Encanta-me o descritivismo minucioso desta prosa...
Começa assim:
« Em Lisboa ninguém dormiu. Acabaram os outeiros, as damas voltaram dentro a compor a pintura esmaecida ou esborratada, daqui a pouco regressarão à janela, outra vez gloriosas de carmim e alvaiade. O povo miúdo de brancos, pretos e mulatos de todas as cores, estes, aqueles e os outros, estende-se ao longo das ruas ainda turvas do primeiro amanhecer, só o Terreiro do Paço, aberto para o rio e para o céu, é azul nas sombras, e depois subitamente rubro do lado do paço e da igreja patriarcal, quando o sol rompe sobre as terras de além e desfaz a bruma com um sopro luminoso.

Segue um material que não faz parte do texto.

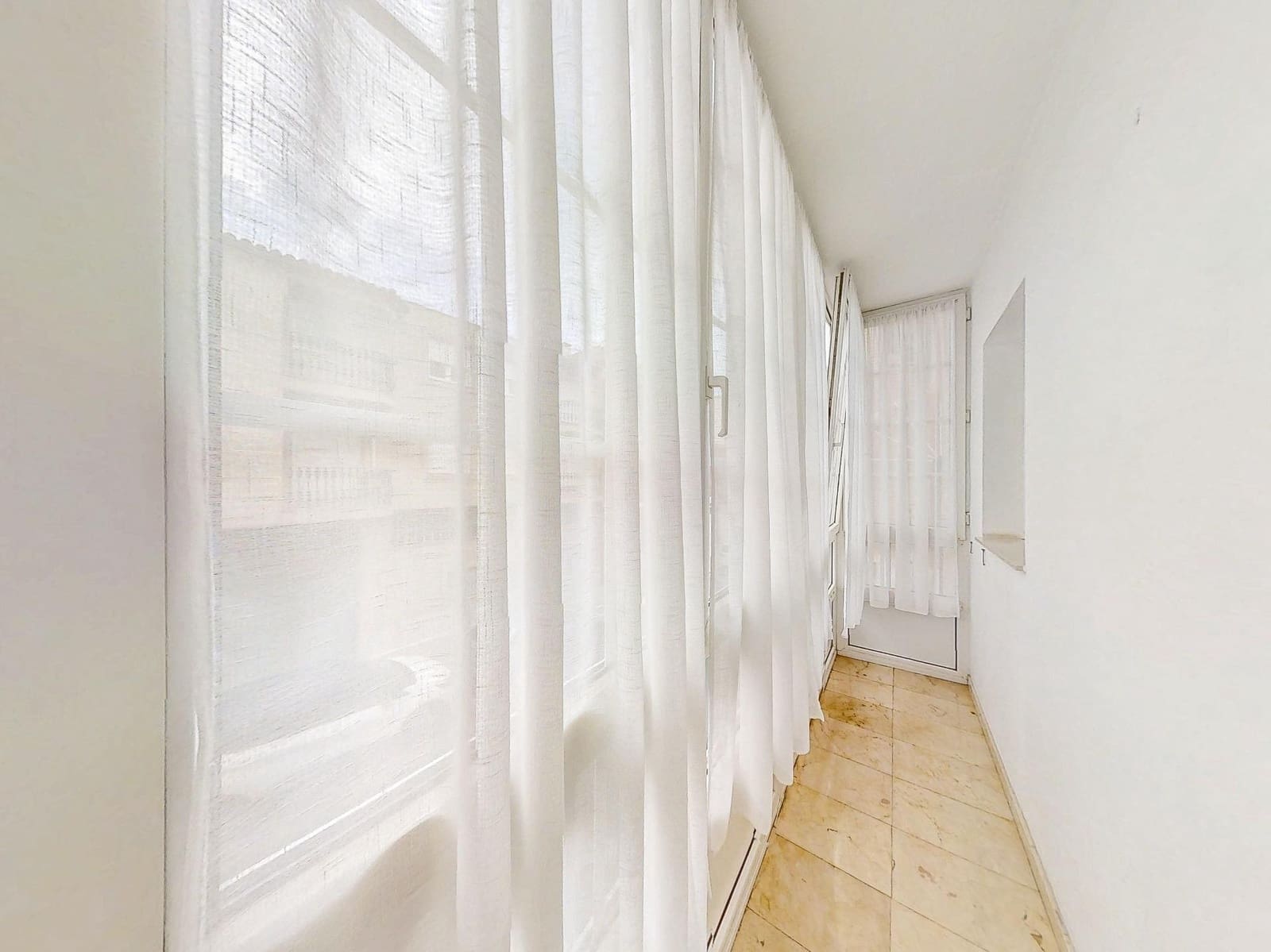 5 soveværelse Villa til salg i Canals med swimmingpool garage - € 699.000 (Ref: 9437574)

É então que começa a sair a procissão. Vêm à frente as bandeiras dos ofícios da Casa dos Vinte e Quatro, primeiro que todas a dos carpinteiros, representando S. José, que desse ofício foi oficial, e as mais insígnias, grandes painéis, cada um com seu santo figurado, feitos de damasco brocado e com bordaduras de ouro, e tão excessivos de tamanho que são precisos quatro homens para sustentá-los, revezando-se com outros quatro, folgando ora uns ora outros, ainda bem que não está vento, é ao compasso da andadura que balouçam os cordões de ouro e seda, e as borlas do mesmo metal, suspensas das pontas refulgentes das varas. Atrás vem a imagem de S. Jorge, com todo o seu estado, os tambores a pé, os trombeteiros a cavalo, rufando uns, outros soprando, rataplã, rataplã, tataratará, tá, tatá, não assiste Baltasar no Terreiro do Paço, mas ouve as trombetas ao longe e arrepia--se como se estivesse no campo da batalha, a ver o inimigo disposto em linha de combate, atacam eles, atacamos nós, e então sente que a mão lhe dói, há quanto tempo lhe não doía, talvez seja porque hoje não colocou nem gancho nem espigão, o corpo tem destas e doutras lembranças e ilusões, Blimunda, se não fosses tu, quem teria eu à minha direita para cingir com este braço, és tu, aperto com a mão salva o teu ombro ou a tua cintura, posto que repare o povo por falta de costume de estarem assim homem e mulher. »
E assim conclui:
«Anda o Corpo de Deus passeando-se na cidade de Lisboa, sacrificado cordeiro, senhor dos exércitos, contradição insolúvel, sol de ouro, cristal e custódia derrubadora de cabeças, divindade devorada e até às fezes digerida, quem se espantará de ver-te carne e unha com estes habitantes, degolados carneiros, soldados sem armas próprias, ossadas brancas no deserto, comedores de si próprios comidos, por isso se rojam pelas ruas as mulheres e os homens, dão bofetadas nas suas e próximas caras, batem cavamente nos peitos e ilhargas, estendem as mãos às fímbrias que passam, aos brocados e às rendas, aos veludos e aos laços, às fitas, aos bordados, e às jóias, Pater noster que non estis in coelis.
Desce a tarde. No céu, luz subtilíssima, quase invisível, está o primeiro sinal da lua. Amanhã Blimunda terá os seus olhos, hoje é dia de cegueira.»